Neural network model of the multi-mode anomalous transport module for accelerated transport simulations

Abstract

A neural network version of the multi-mode anomalous transport module, known as MMMnet, has been developed to calculate plasma turbulent diffusivities in DIII-D with a calculation time suitable for control applications. MMMnet uses a simple artificial neural network structure to predict the ion thermal, electron thermal, and toroidal momentum diffusivities while reproducing Multi-Mode Model (MMM) data with good accuracy and keeping the calculation time as a fraction of that associated with MMM. Model-based control techniques require models with fast calculation times, making many existing physics-oriented predictive codes unsuitable.
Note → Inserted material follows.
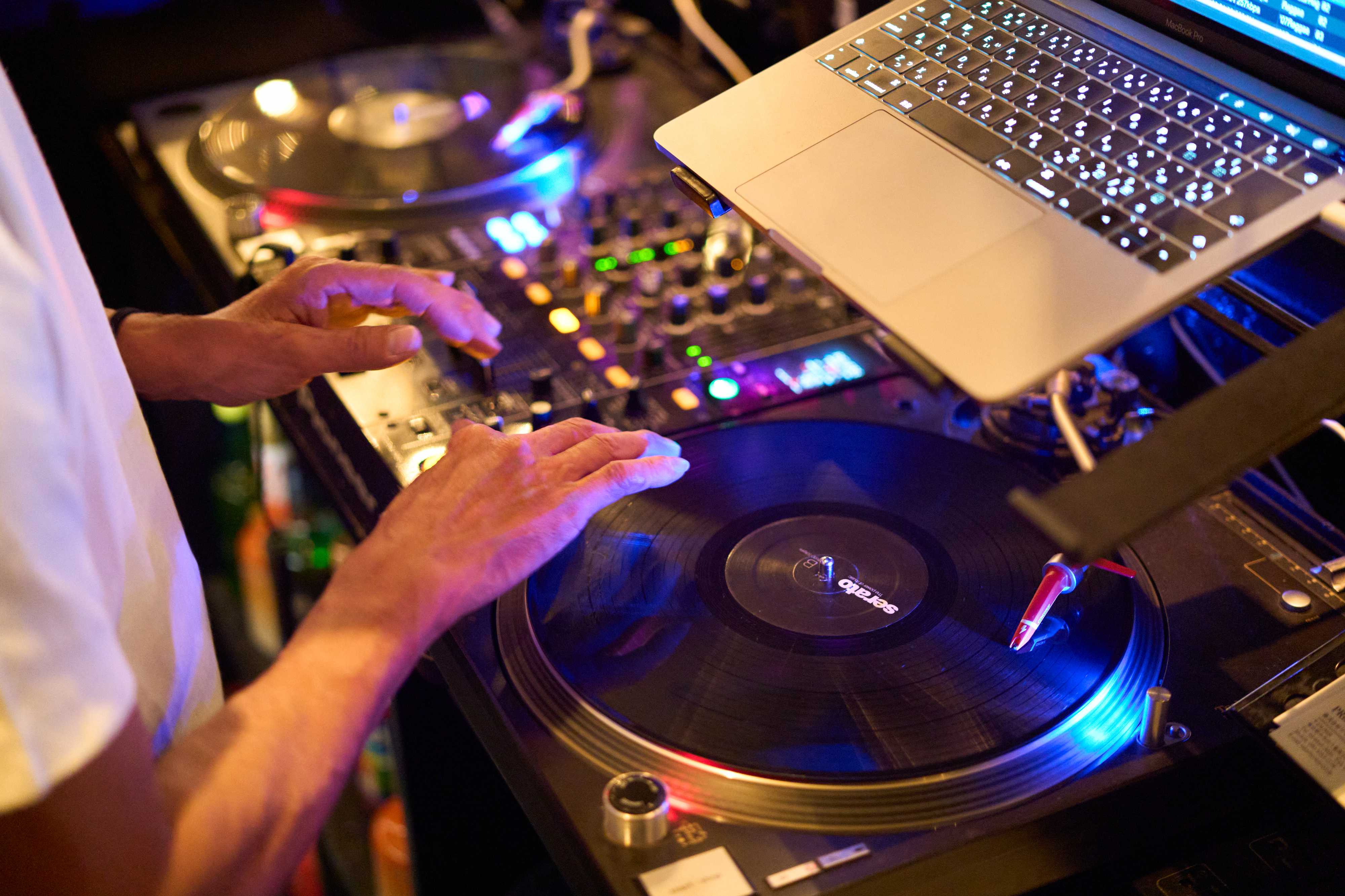 ターンテーブルでプレイするDJの手元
The control-oriented predictive code Control Oriented Transport Simulator (COTSIM) calculates the most significant plasma dynamics in response to the different actuators while running at a speed useful for control design. In order to achieve this calculation speed, COTSIM often relies on scaling laws and control-level models. Replacing some of these scaling laws and control-level models with neural network versions of more complex physics-level models has the potential of increasing the range of validity and the level of accuracy of COTSIM without compromising its computational speed. In this work, MMMnet is integrated into COTSIM to improve the turbulent diffusivity predictions, which will in turn improve the prediction accuracy associated with the dynamics of many plasma properties.